4 Testing for tissue heterogeneity
4.1 Tissue signatures
In section 2, we identified a set of 9 reference signatures (table 4.1) which unambiguously identify their corresponding tissue across platforms and species. In addition to that, we use 120 tissue signatures from the BioQC publication, which we refer to as query signatures.
Reference Signature | Tissue | NA |
---|---|---|
GTEX_Blood | blood/immune | blood |
GTEX_Blood | blood/immune | white blood cells |
GTEX_Blood | blood/immune | pbmc |
GTEX_Brain | brain | brain |
GTEX_Brain | brain | cerebellum |
GTEX_Brain | brain | cortex |
GTEX_Brain | brain | frontal cortex |
GTEX_Brain | brain | prefrontal cortex |
GTEX_Brain | brain | hippocampus |
GTEX_Brain | brain | hypothalamus |
GTEX_Heart | heart | heart |
GTEX_Kidney | kidney | kidney |
GTEX_Liver | liver | liver |
GTEX_Liver | liver | hepatocyte |
GTEX_Muscle_Skeletal | skeletal muscle | skeletal muscle |
GTEX_Pancreas | pancreas | pancreas |
GTEX_Skin | skin | skin |
GTEX_Testis | testis | testis |
4.2 Testing samples for heterogeneity
We tested for enrichment of 120 selected signatures provided by BioQC (query signatures) and the 9 reference signatures generated by us on all 76576 selected samples resulting in a list of 9878304 (sample, signature, pvalue) pairs.
Our intention is to identify samples that show tissue heterogeneity, i.e. unintentional profiling of cells of other origin than the target tissue of profiling. We classify samples into heterogeneous and not heterogeneous. We call a classification true-positive if the given sample is classified as heterogeneous and the sample indeed contains cells different from the annotated tissues. Analogous, we call a classification false-positive if the given sample is classified as heterogeneous but in reality only contains cells from the annotated tissue.

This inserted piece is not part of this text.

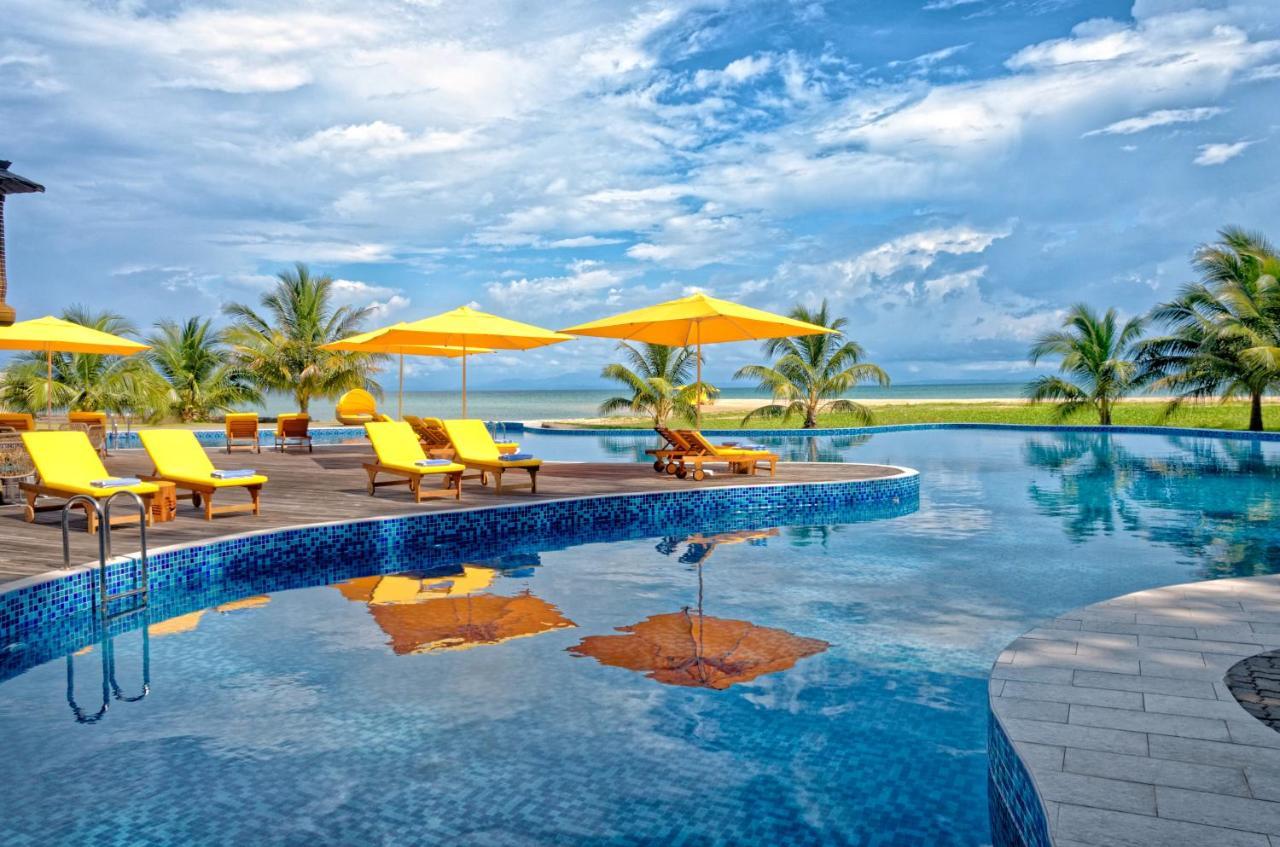 Borneo Eagle Resort Kota Kinabalu Exterior photo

Naively, we could label a sample as heterogeneous, if a signature unrelated to the annotated tissue exceeds a certain score. The problem with this approach is, that some signatures overlap; the resulting scores are therefore correlated and will lead to false-positives. One cannot simply solve this problem by excluding genes that are members of multiple signatures, as it is easily possible to build two (in fact many) distinct, non-overlapping signatures matching the same tissue, due to gene-gene correlation.
In section 2 we have created and validated
reference signatures for 9 tissues. Even though we have demonstrated that
each signature unambiguously identifies its corresponding tissue (i.e. scores
highest), the signatures could still be correlated. Some of them in fact are,
e.g. cardiac muscle and skeletal muscle (see figure
4.1). Moreover, we lack sufficient data to perform an
independent-sample validation on the signatures provided by BioQC.
Therefore, to avoid false-positives, for each tissue, we exclude all signature
that are positively correlated with the reference signature. This approach is
more formally described in the following:
A given sample \(s\) annotated as tissue \(t\) is tested for enrichment with signature \(k_{\text{query}}\) resulting in a p-value \(p_{\text{query}}\). Let \(k_{\text{ref}}\) be the reference signature associated with tissue \(t\) and \(p_{\text{ref}}\) the p-value of testing \(s\) for enrichment of \(k_{\text{ref}}\). Let \(\tau\) be a certain false discovery rate (FDR)-threshold (0.01 in this study).
- If the Benjamini-Hochberg (BH)-adjusted \(p_{\text{query}} \ge \tau\), we assume that \(s\) is not heterogeneous; else continue.
- We fit a robust linear model using
rlm
from theR
MASS
package of \(|log10(p_{\text{query}})|\) against \(|log10(p_{\text{ref}})|\) for all samples annotated as \(t\). - If the slope of the linear model is \(\ge 0.01\), we exclude the pair of signatures from the results. If the slope is \(< 0.01\) and the FDR-adjusted \(p_{\text{query}} < \tau\), we consider the sample as heterogeneous. Tissue pairs for which signatures are excluded are marked as such in the results.
- We define heterogeneity as severe, if additionally \(p_{\text{ref}} \ge\) 0.05.

Figure 4.1: Examples of signature correlation. Panels A-B: scatterplot of the signature scores (y-axis) against the scores of a reference signature (x-axis). The black line indicates the model fitted to the data. Points are colored according to the called heterogeneity status. (A) Skeletal muscle scores of kidney samples against scores of the kidney signature. The samples are not correlated, however some outliers are detected which are samples likely containing muscle cells. (B) Skeletal muscle scores of cardiac muscle samples against skeletal muscle scores. The scores are highly correlated. While most of the points exceed the FDR threshold, they will not be classified as heterogeneous since the signatures are correlated. Panels C and D show the boxplots of the scores of various signatures on kidney and heart samples, respectively.